Secondo i gruppi di studio, “occorre rilanciare la lectio divina, ritenuto un esercizio molto valido per una lettura sapienziale ed esistenziale delle sante Scritture”. Inoltre, “attraverso la bellezza dei riti e la sua sobrietà, si auspica che la liturgia torni ad essere gustata dai fedeli; torni a interagire con tutte le dimensioni dell’umano, per riscoprire la dimensione contemplativa e simbolica della vita cristiana”.
Tra le proposte, quella che “ogni luogo dell’umano sia vissuto pienamente e abitato dall’azione dello Spirito Santo, affinché ciascuno diventi testimone, e attraverso l’incontro e il dialogo, sappia suscitare desiderio dell’Oltre in quanti hanno smarrito il senso della vita o sono gravemente feriti nel corpo e nello spirito”, riaffermando “il posto centrale che occupano la liturgia, la preghiera e i sacramenti nella vita ordinaria delle comunità”.
“Non possiamo nascondere il timore che, se compreso in modo distorto, l’invito evangelico di papa Francesco a una Chiesa sempre in uscita, possa far pensare che tra la chiesa in preghiera e la chiesa in uscita possa esserci contrapposizione – spiegano dal gruppo -: l’una rivolta al suo interno attraverso la preghiera, la liturgia e i sacramenti; l’altra impegnata a uscire per raggiunge tutte le periferie. No, non ci sono due chiese, perché uno è il Cristo vivente, pregato e celebrato per ciò che lui è, e da noi riconosciuto presente nella persona del povero che è il suo più reale sacramento”.

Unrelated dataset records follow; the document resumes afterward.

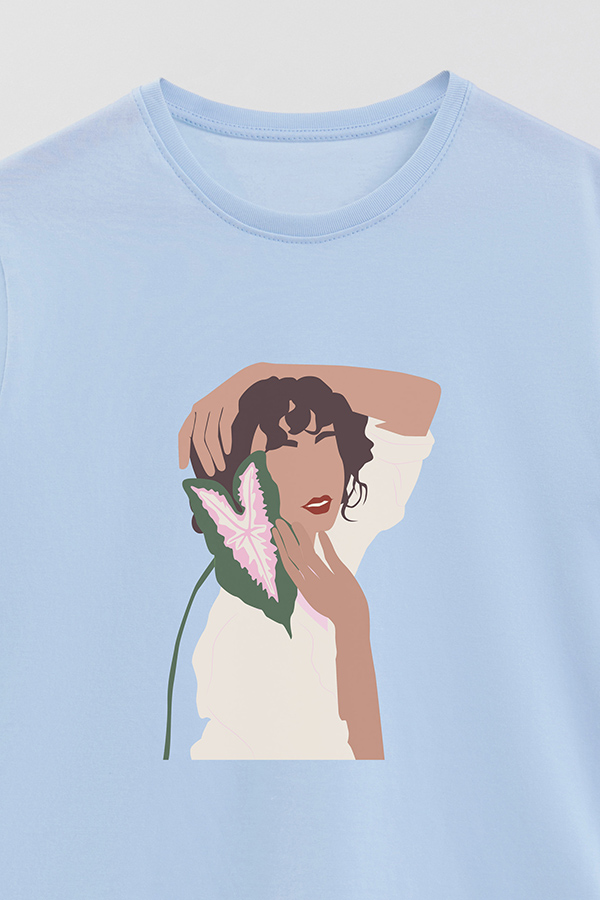 REMERA BASICA ESTAMPADA PORTRAIT 7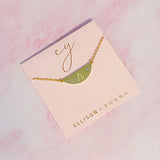 Hamilton Sphere Initial Necklace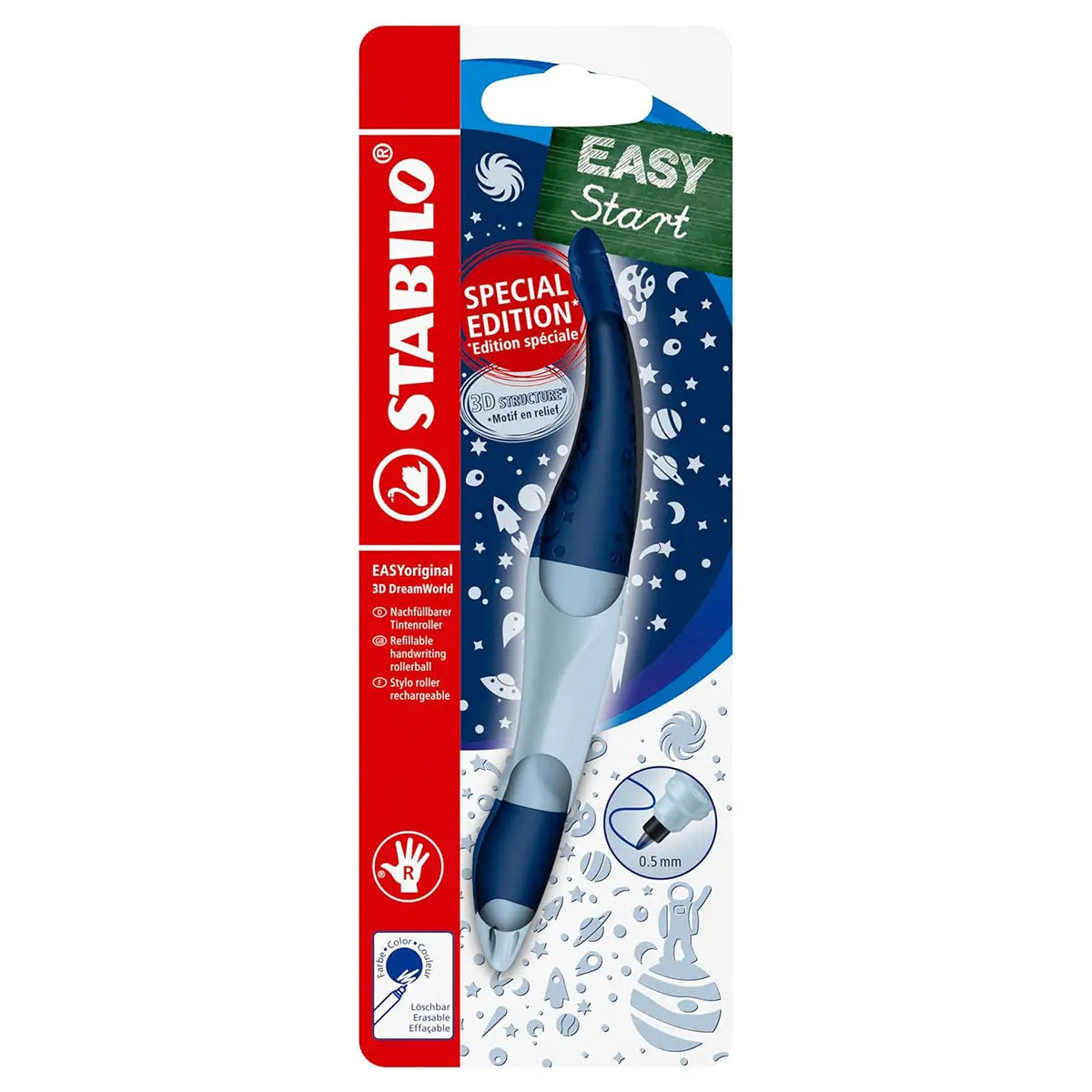 Stabilo Easyoriginal 3D Dreamworld Outer Space Right-Handed Rollerball Pen With Blue Ink 1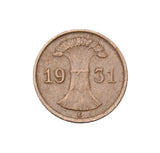 1931 - Niemcy - 1 Fenig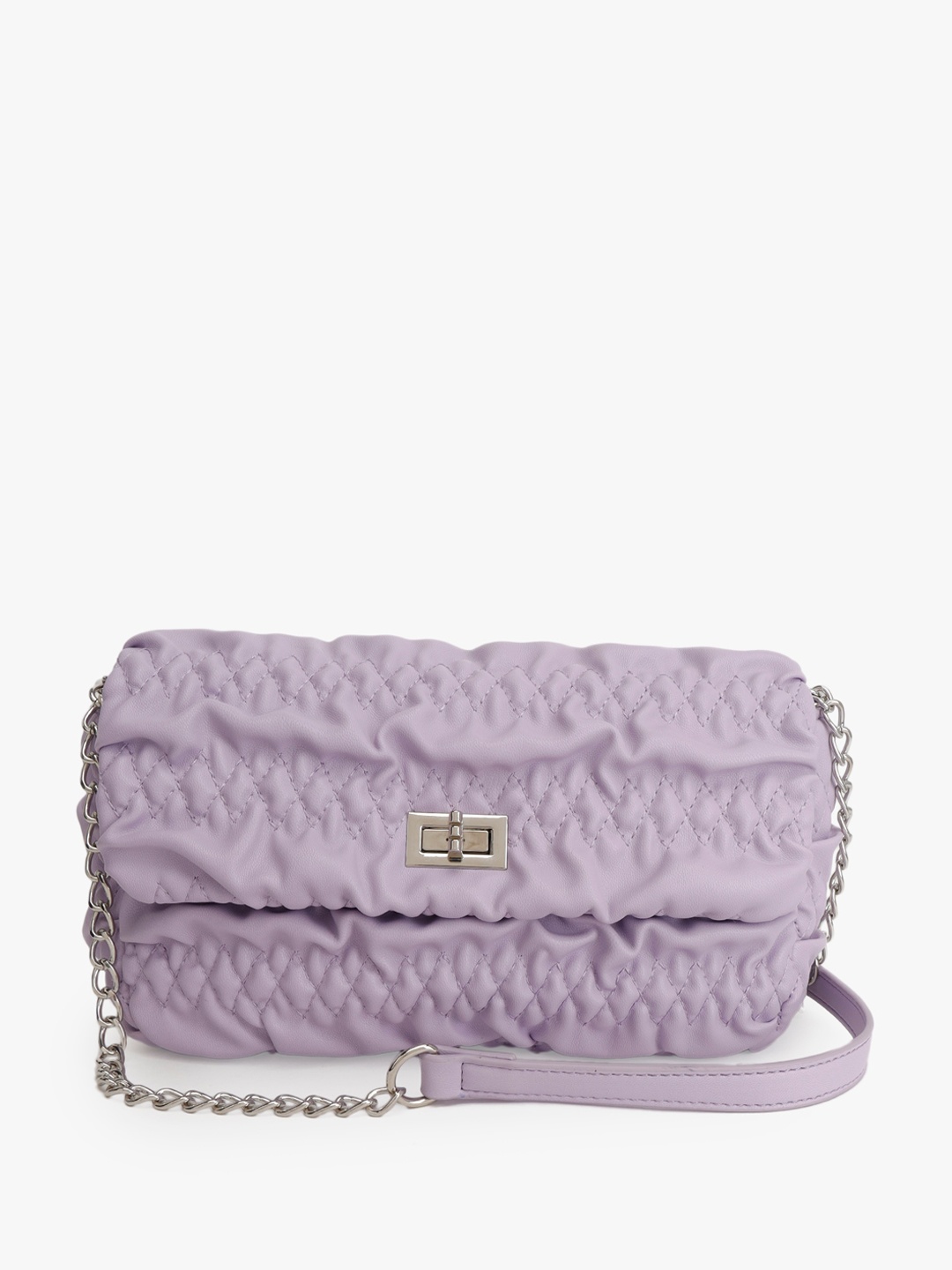 

Kazo Soft Solid Padded Sling Bag, Lavender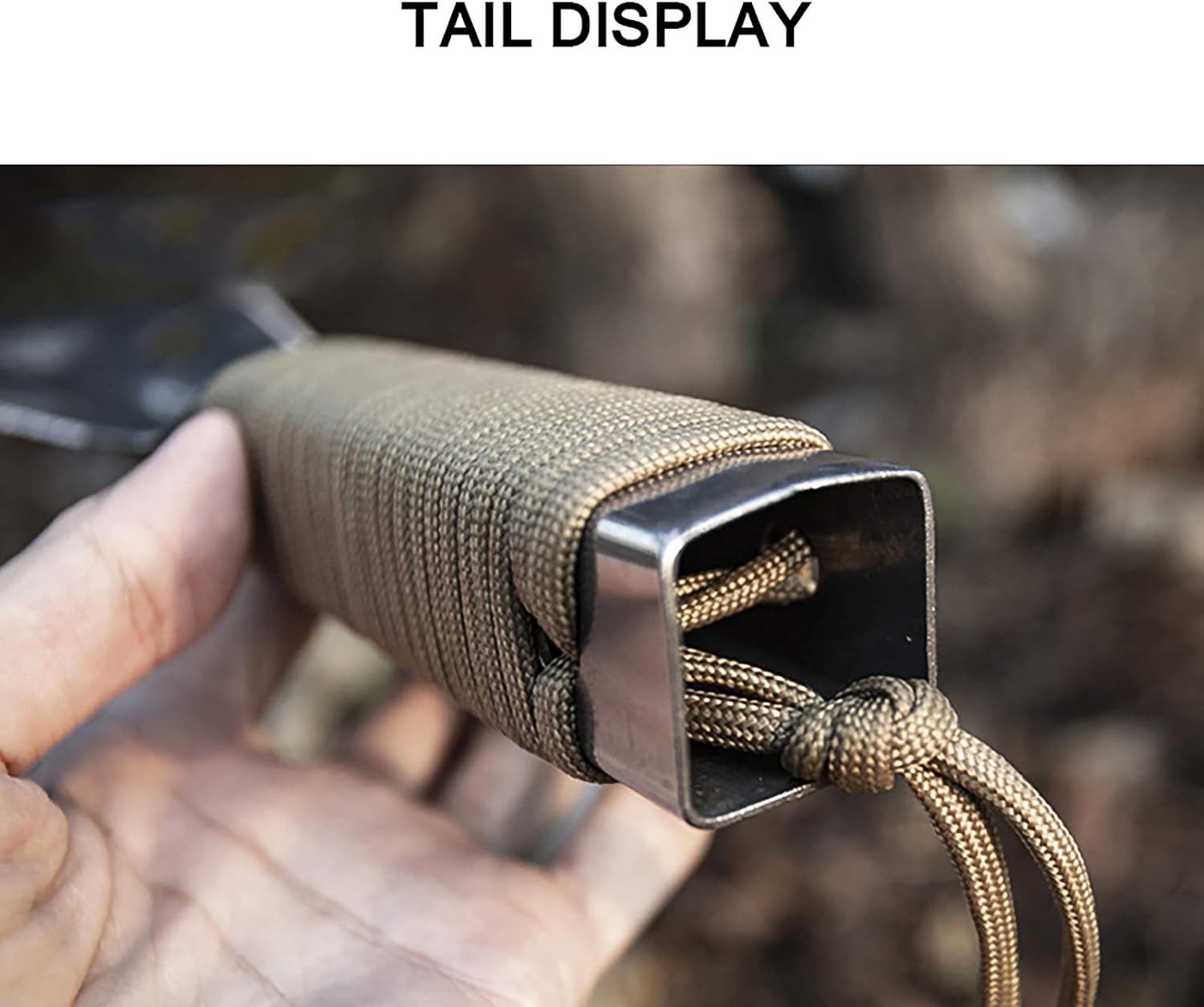 Pelle de randonnée à Main Multifonction, Pelle de randonnée, Pelle Pliante, Mini truelle extérieure, Mini Pelle de Survie Multitool, Outil de Camping - 2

Riaffermando che “i sacramenti della Chiesa sono un cammino di umanizzazione evangelica”, il gruppo ha chiesto la promozione di “liturgie ospitali che sanno andare incontro alle persone fino a portare la fatica di chi fatica a vivere e a credere; che siano consolazione per chi è provato e ferito dalla vita, che siano capaci di dare ragioni per sperare. La cura delle relazioni e la tenerezza nel modo di presentarci, ci facciano sentire compagni di viaggio e amici dei poveri e dei sofferenti”.